And, of course, this work had a major impact on the German, European, and international scientific community. Jens Blauert was one of the founding fathers of the German Acoustical Society (DEGA), which he also led as president from 2001 to 2004. Under its auspices, he organized the German Annual Conference on Acoustics (DAGA) three times in Bochum, in 2002 together with his student Ute Jekosch. As a child of World War II, European unity was very close to his heart, making him a driving force behind the founding of the European Acoustics Association (EAA); he served on the EAA board for many years and served as its president from 1996 to 1998. He also had an excellent network in Poland, France, Denmark, and Greece – a lucky situation for his doctoral students, for whom this opened doors internationally.

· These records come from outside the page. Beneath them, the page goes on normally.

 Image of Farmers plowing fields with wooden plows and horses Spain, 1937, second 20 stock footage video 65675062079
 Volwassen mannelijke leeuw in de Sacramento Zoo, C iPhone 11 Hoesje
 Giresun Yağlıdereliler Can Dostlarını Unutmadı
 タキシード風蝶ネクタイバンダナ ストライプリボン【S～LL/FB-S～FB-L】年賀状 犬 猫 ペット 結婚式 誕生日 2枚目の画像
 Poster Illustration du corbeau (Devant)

He was a Fellow and recipient of the Helmholtz-Rayleigh Interdisciplinary Silver Medal (1999) from the Acoustical Society of America (ASA), recipient of the Helmholtz Medal (2001) from the DEGA, Scientific Medalist (2003) of the International Speech Communication Association (ISCA), a Fellow of the International Commission for Acoustics (ICA), a Fellow and recipient of the Gold Medal (2008) from the Audio Engineering Society (AES), an honorary member of the German Society for Audiology (DGA) since 2004, and – last but not least – recipient of the EAA’s highest honor, the Award for Lifetime Achievements in Acoustics (2011).

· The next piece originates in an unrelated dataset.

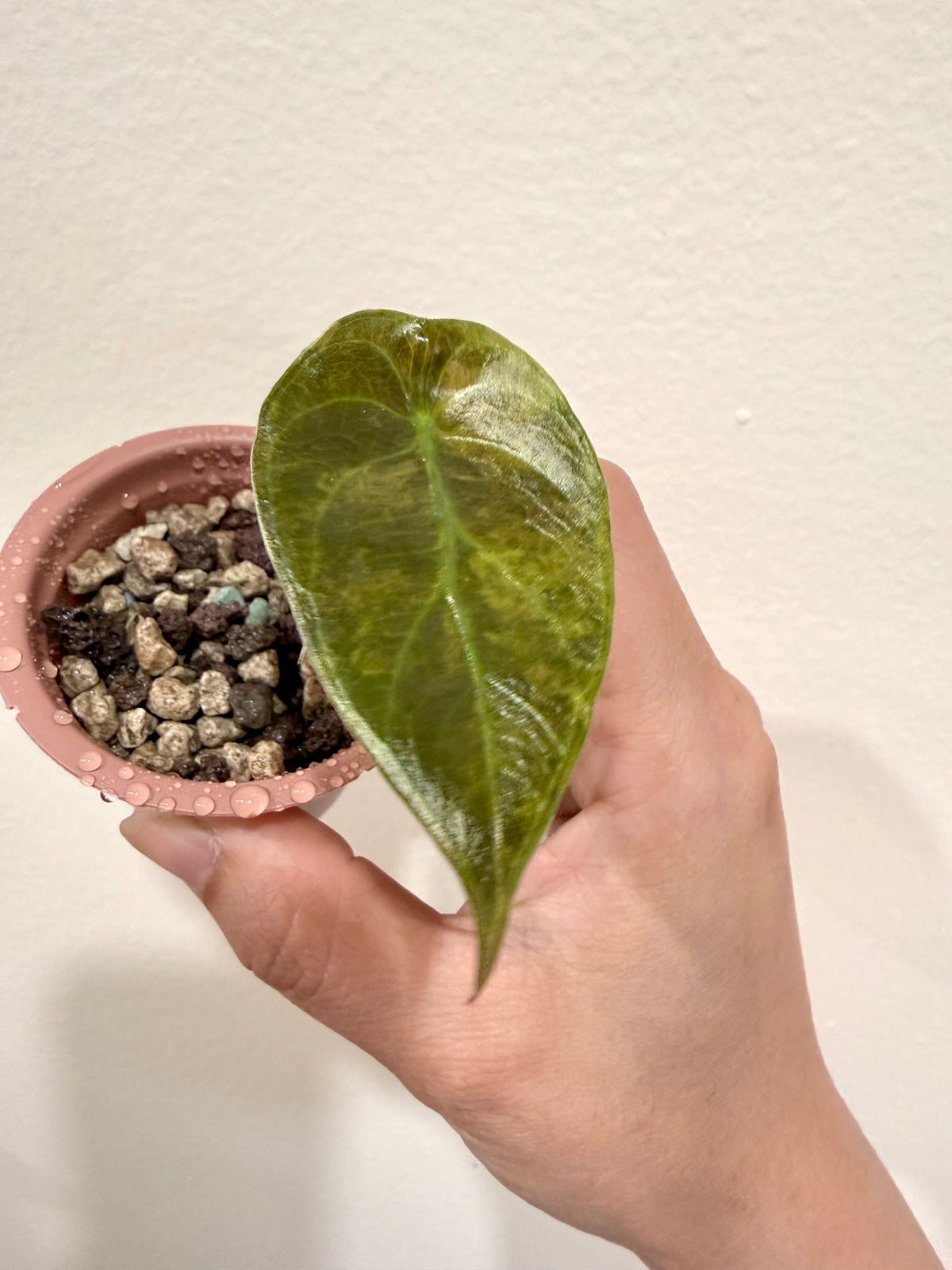 Alocasia Sedenii Aurea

Even after his retirement in 2003, Jens Blauert remained intellectually curious: beginning in 2005, he served as an adjunct professor at Rensselaer Polytechnic Institute in Troy (NY, USA), where he published the book Communication Acoustics (2005, Springer). He subsequently co-authored the book Acoustics for Engineers (2008, Springer) with his student Ning Xiang, edited the book The Technology of Binaural Listening (2013, Springer), and, together with his student Jonas Braasch, co-edited the book The Technology of Binaural Understanding (2020, Springer). The latter title points to a direction that increasingly interested Jens Blauert in his later years: the understanding of “meaning” for spatial and related aspects of hearing, including cross-modal inferences. In doing so, he incorporated cognitive science, as the technical application of these specific scientific findings requires knowledge of human cognitive abilities, including substantial innate knowledge, as well as the ability to integrate information across different sensory modalities. To systematically investigate binaural computer programs under real-time conditions, Jens Blauert initiated the consortium project TWO!EARS (2013–2017) at the age of 75, which was funded by the European Commission. The focus was on incorporating top-down feedback mechanisms as well as the use of audiovisual virtual reality and robotic test beds to evaluate the algorithms. Parallel to these research approaches, the group Aural Assessment By means of Binaural Algorithms (AABBA), which he also founded, has been dedicated to this topic since 2008. AABBA focuses on the development and application of computer models of spatial hearing and makes these models available in an Auditory Modeling Toolbox.

Jens Blauert leaves a huge gap in our community. We have lost an excellent mentor, an inspiring scientist, a dedicated musician, and, for many of us, a sincere friend.